Homes More Affordable Than Ever?

23 Apr

Affordability at 40-year high

Judging housing affordability by the relationship between median home price, median family income and average mortgage interest rates, the National Association of Realtors (NAR) says that homes are the most affordable they’ve been since record-keeping was started more than 40 years ago.

According to the president of NAR, for the first time ever the affordability index has broken two hundred — meaning the average family has roughly twice the income required to purchase a median-priced home.

Owning less than renting

Marshall Vest, author of the the Eller College of Management’s 2012-2013 Economic Outlook Report (updated quarterly) notes that affordability in Tuscon, AZ in 2012 has been so high that on a monthly basis, owning a home can cost the same or even less than renting one.

It is still a tough market— tight credit for builders and buyers alike along with ongoing issues obtaining accurate appraisals continue to slow recovery and constrain the market to the most qualified and determined buyers.

(via The Arizona Daily Wildcat and Realty Times)


Improving Metro Markets On the Rise

16 Apr

There are now 35 states represented on the Improving Markets Index — tracked and reported by the National Association of Home Builders (NAHB) and First American Title Insurance.

To make the “improving market” list, a metropolitan area must show continuous improvement for six months in three areas:

  • Housing permits (data from U.S. Census Bureau)
  • Employment (data from the Bureau of Labor Statistics reports)
  • Home prices (data from Freddie Mac reports)

This month’s index shows 101 metro area markets on the list in 35 states — a significant increase from the 12 markets that appeared on the list last September when the index was launched. Of the markets on the list from the previous month (March), 88 stayed steady, while 11 areas were dropped and 13 areas added.

“While housing markets across the country continue to struggle under the weight of overly tight lending conditions and other challenges, the April IMI indicates that at least 101 individual metros are showing measurable and consistent signs that they are headed in the right direction,” said NAHB Chairman Barry Rutenberg. “A total of 35 states are now represented on the list, with 10 states having four or more entries.
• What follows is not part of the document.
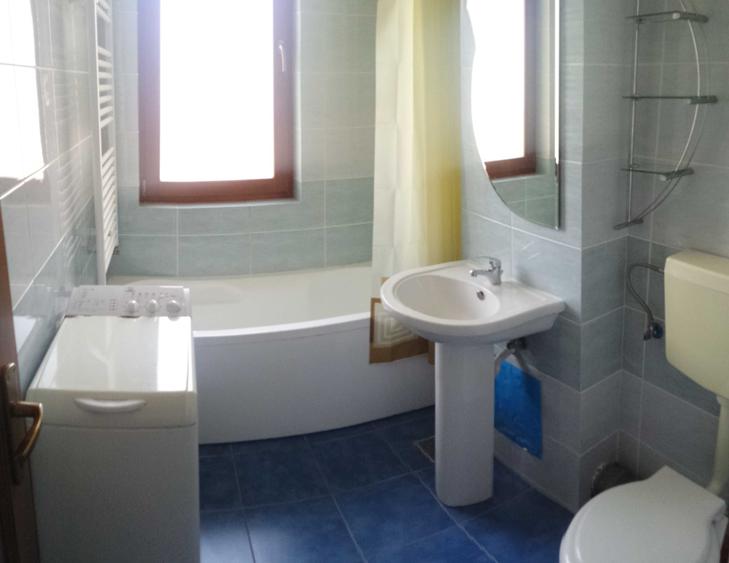 Garsonieră decomandată în Central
This positive news is in line with what our builder members have observed regarding firming conditions and improved buyer interest in certain locations.”

It’s important to remember that the index focuses on improving markets, notes NAHB’s chief economist — as markets stabilize, their performance in the three areas tracked by the index will be less likely to improve from the previous month, which will drop them from the list.

For more on the Improving Markets Index, visit NAHB’s IMI page here.

Mortgage Rates Up and Down

9 Apr

Mortgage rates dropped last week

Although mortgage rates rose recently in response to a generally positive outlook on the economy, last week saw rates fall with news of Europe’s economy continuing to crumble and reports of uninspiring March employment numbers.’s mortgage tracker showed the overall rate for 30-year fixed-rate mortgages dropping to an average of 4.30 percent, while 15-year rates dropped to average 3.54 percent.

Fluctuating recovery means fluctuating rates

The economy continues to recover — but with less momentum than has been seen recently.

The Federal Reserve’s most recent meeting indicated a positive assessment of the economy, making it seem unlikely that the Fed will take new measures to expand or institute economic relief programs. The labor market, a key element to economic recovery, slowed considerably from its strong showing in the past three months — new job activity in March was half of the new job activity reported in February.

Spring is likely to see mortgage rates continue to be buffeted about, with no drastic increases or drops, as economic indicators — the state of the economy in Europe, the Fed’s stance on relief programs and the labor market — impact the market and consumer confidence.


2012 – The Year The Housing Crisis Ended

2 Apr

Experts find the silver lining in the market cloud

recession recovery crossroads sign.jpg

Good news/bad news

Last week’s Case-Shiller index seemed to be a case of “good news/bad news,” according to economic experts.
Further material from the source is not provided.